AIM OF THE TASK =
Write an exact copy of the entries below that leaves out all pictures.
(RECORDS SUPPLIED)
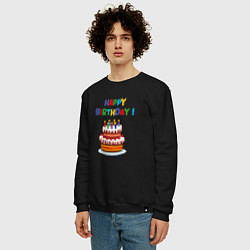 Свитшот хлопковый мужской Торт со свечами с днём рождения, цвет: черный — фото 2
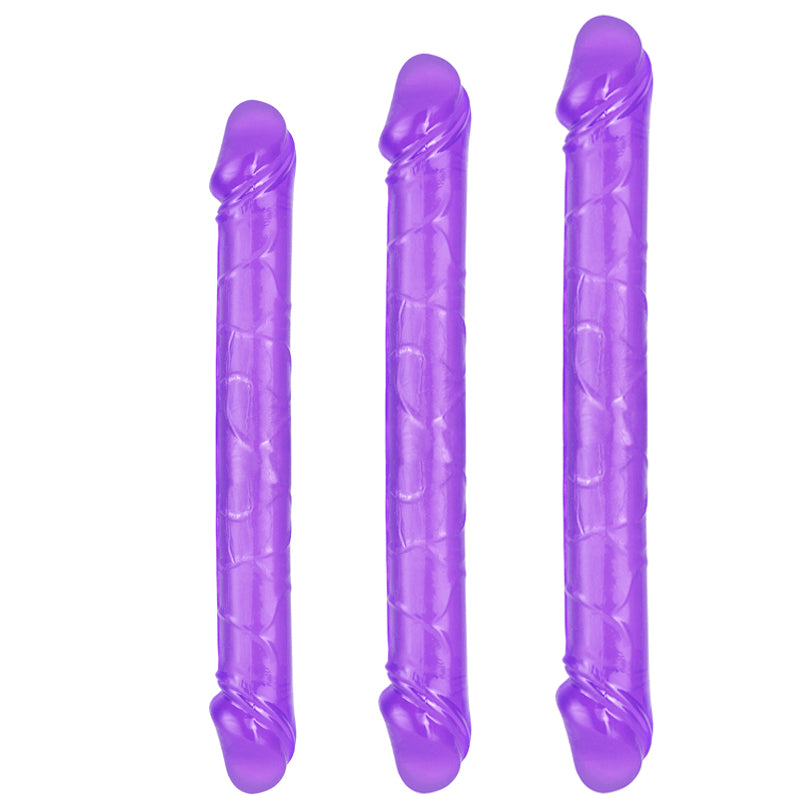 DY Crystal Double Penetration Dildo  - Purple 3 Size Optional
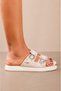 Jüjü Series Women's Cream Double Buckle Slippers – Stylish Daily Summer Slippers with Trok Detail - 2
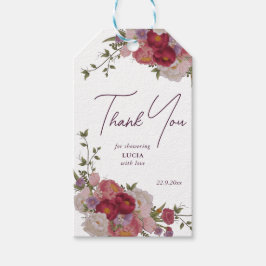 Etiqueta Para Presente Elegante Floral Burgundy Agradecimento Chá de Noiv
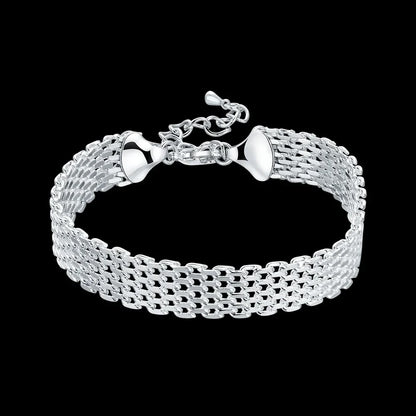 925 Sterling Silver Bracelet for Women – Exquisite Woven Chain Jewelry Gift for Wedding & Christmas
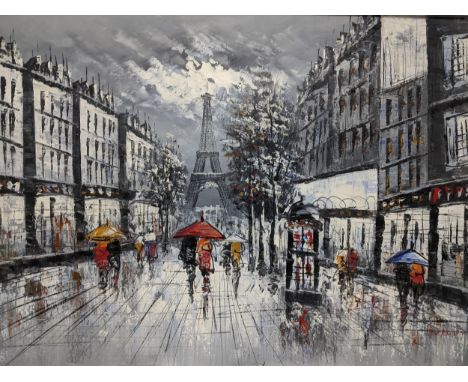 Burnet - Impressionist Parisian street scene with figures, buildings, and Eifel Tower, oil on board, signed lower right, 63 x
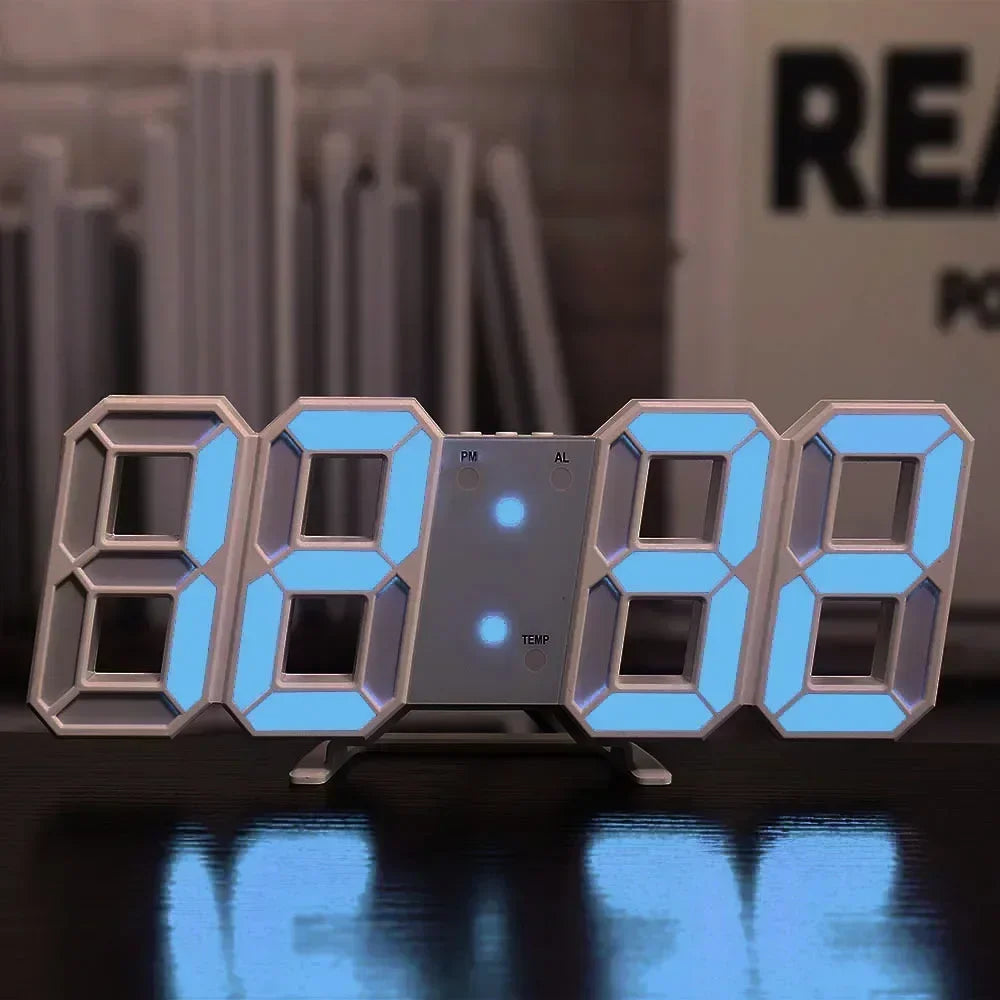 3D LED Digital Clock Wall Decoration Glow Night Mode Adjustable Electronic Watch for Bedroom Room Decor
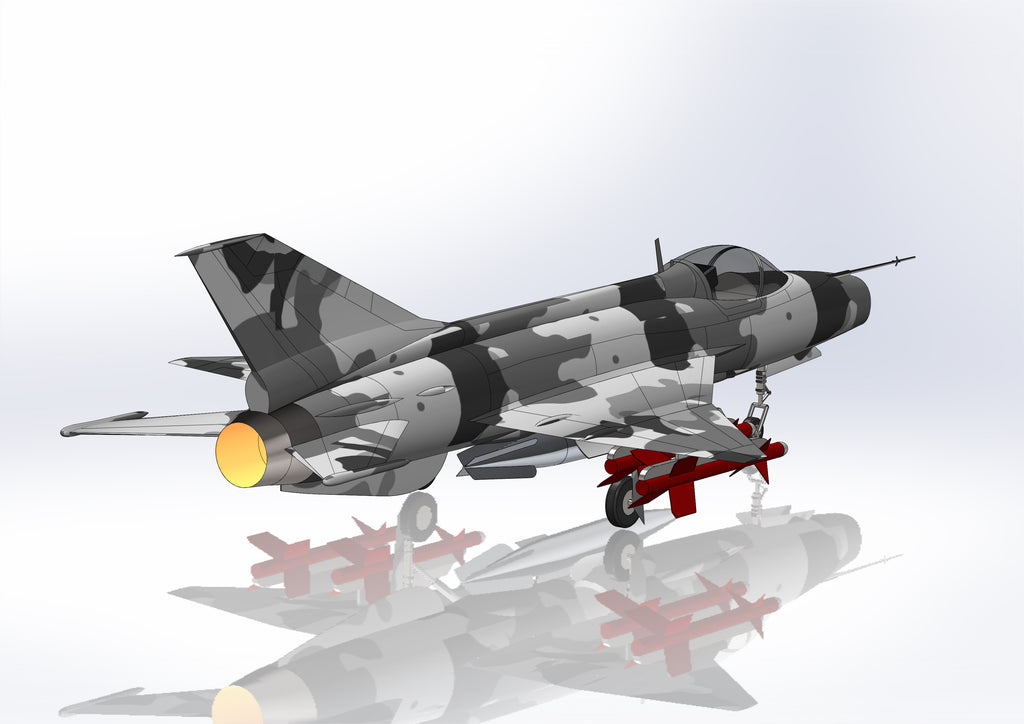 N349010 - J-7MG Fighter Simplified 3D Model Drawings, x_t  STEP Format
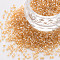 Glass Cylinder Beads, Seed Beads, Transparent Colours Luster, Round Hole, Goldenrod, 1.5~2x1~2mm, Hole: 0.8mm, about 8000pcs/bag, about 1pound/bag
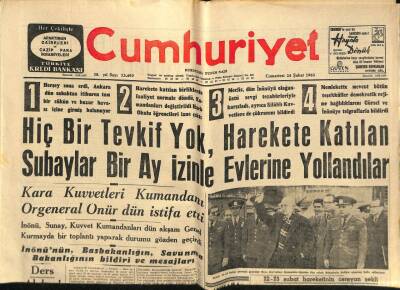 Cumhuriyet Gazetesi 24 Şubat 1962 - Gürsel , İnönü Ve Sunaya Bağlılık Telgrafları Yağıyor GZ92484 - 1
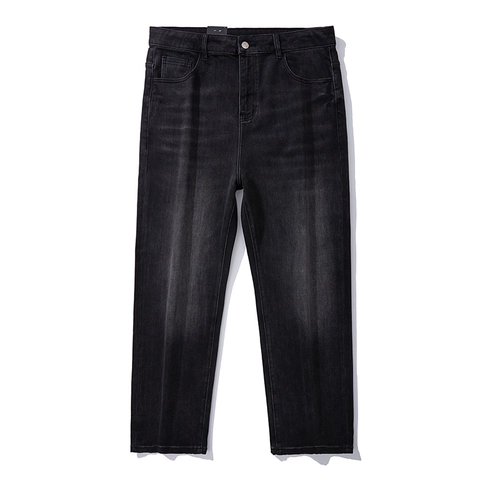 Vaqueros Rectos Lavados Vintage para Hombre Ajuste Holgado Talla Grande Mezcla Algodón Pantalones Denim Envejecidos Uso Diario Negro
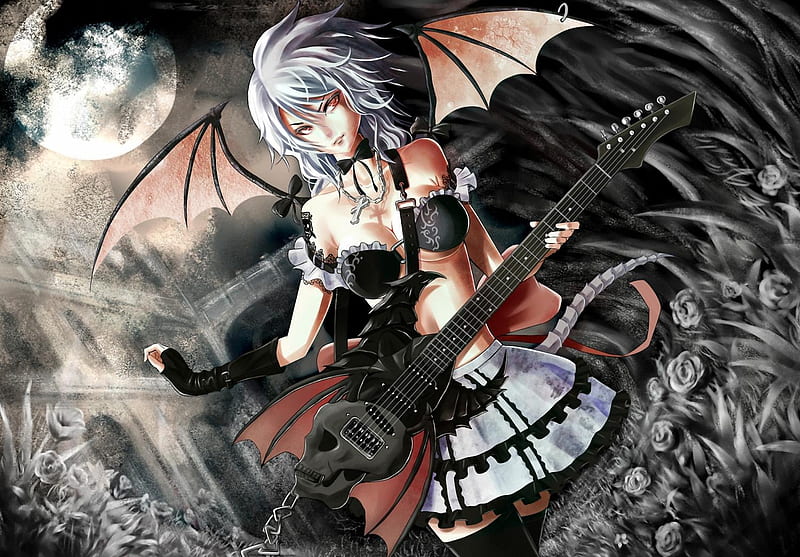 portrait Anime petite rocker girl holding a guitar, | Stable Diffusion |  OpenArt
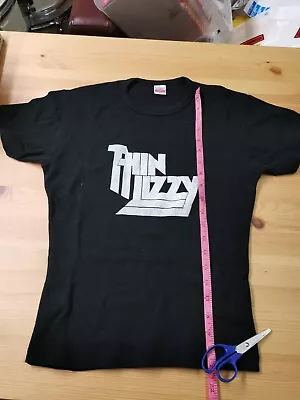 Buy Vintage Thin Lizzy Logo Ladies T-shirt. Size M/l But Looks More Like A Sml • 9.99£
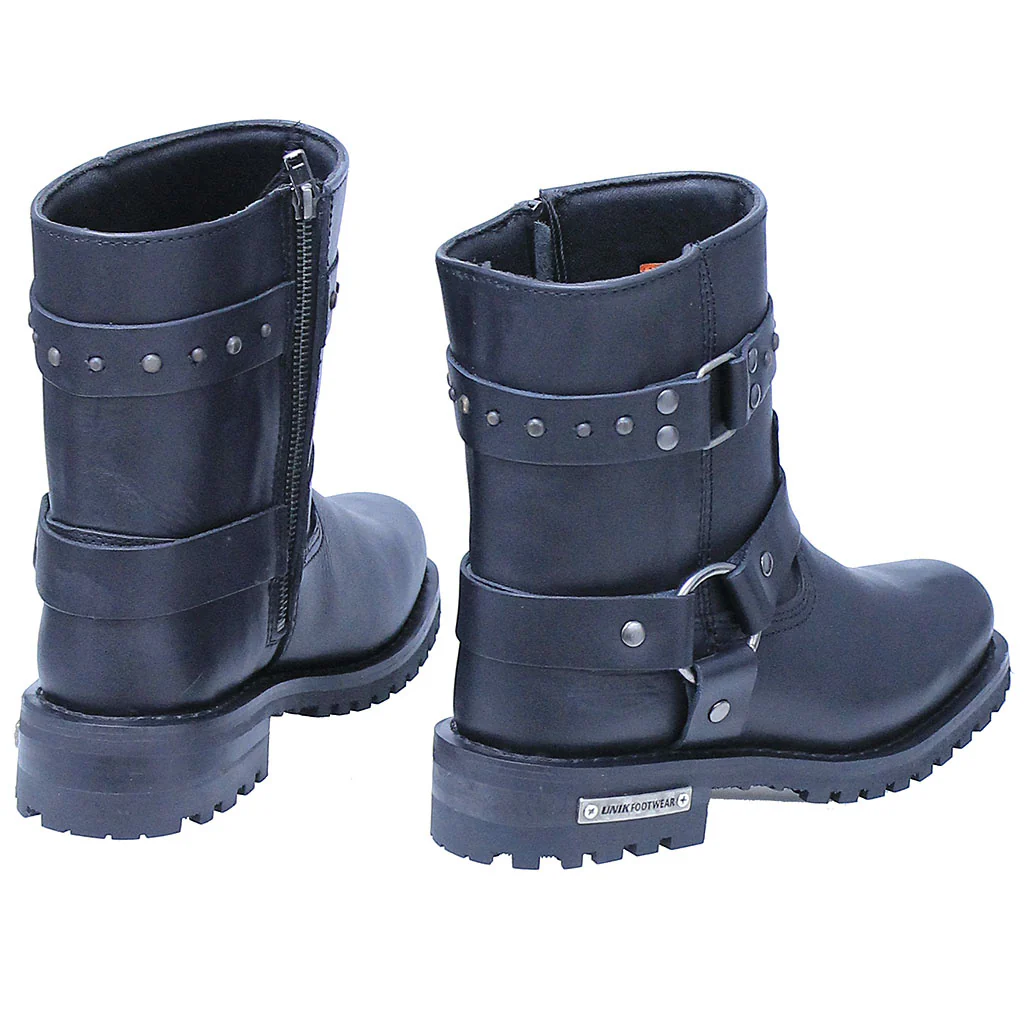 8 in Women's Stud Strap Harness Zip Riding Boots #BL12008HZK - Image 3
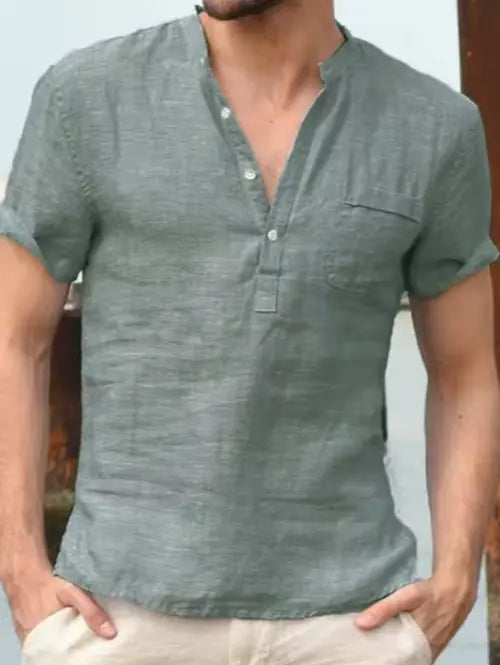 Men's Cotton Linen Henley Shirt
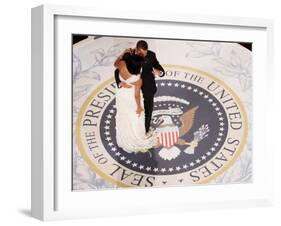 President Barack Obama and First Lady Michelle Dance, Commander in Chief Ball, January 20, 2009-null-Framed Photographic Print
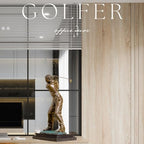21.2'' Modern Golfer Bronze Sculpture, Bronze Golf Man Figurine Statue Ornament with Marble Base Crafts for Home Office Decor Collection Gift - size: 21.2"Man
(End RECORDS SUPPLIED)
EXERCISE SOLUTION =
 Свитшот хлопковый мужской Торт со свечами с днём рождения, цвет: черный — фото 2
 DY Crystal Double Penetration Dildo  - Purple 3 Size Optional
 Jüjü Series Women's Cream Double Buckle Slippers – Stylish Daily Summer Slippers with Trok Detail - 2
 Etiqueta Para Presente Elegante Floral Burgundy Agradecimento Chá de Noiv
 925 Sterling Silver Bracelet for Women – Exquisite Woven Chain Jewelry Gift for Wedding & Christmas
 Burnet - Impressionist Parisian street scene with figures, buildings, and Eifel Tower, oil on board, signed lower right, 63 x
 3D LED Digital Clock Wall Decoration Glow Night Mode Adjustable Electronic Watch for Bedroom Room Decor
 N349010 - J-7MG Fighter Simplified 3D Model Drawings, x_t  STEP Format
 Glass Cylinder Beads, Seed Beads, Transparent Colours Luster, Round Hole, Goldenrod, 1.5~2x1~2mm, Hole: 0.8mm, about 8000pcs/bag, about 1pound/bag
 Cumhuriyet Gazetesi 24 Şubat 1962 - Gürsel , İnönü Ve Sunaya Bağlılık Telgrafları Yağıyor GZ92484 - 1
 Vaqueros Rectos Lavados Vintage para Hombre Ajuste Holgado Talla Grande Mezcla Algodón Pantalones Denim Envejecidos Uso Diario Negro
 portrait Anime petite rocker girl holding a guitar, | Stable Diffusion |  OpenArt
 Buy Vintage Thin Lizzy Logo Ladies T-shirt. Size M/l But Looks More Like A Sml • 9.99£
 8 in Women's Stud Strap Harness Zip Riding Boots #BL12008HZK - Image 3
 Men's Cotton Linen Henley Shirt
 President Barack Obama and First Lady Michelle Dance, Commander in Chief Ball, January 20, 2009-null-Framed Photographic Print
21.2'' Modern Golfer Bronze Sculpture, Bronze Golf Man Figurine Statue Ornament with Marble Base Crafts for Home Office Decor Collection Gift - size: 21.2"Man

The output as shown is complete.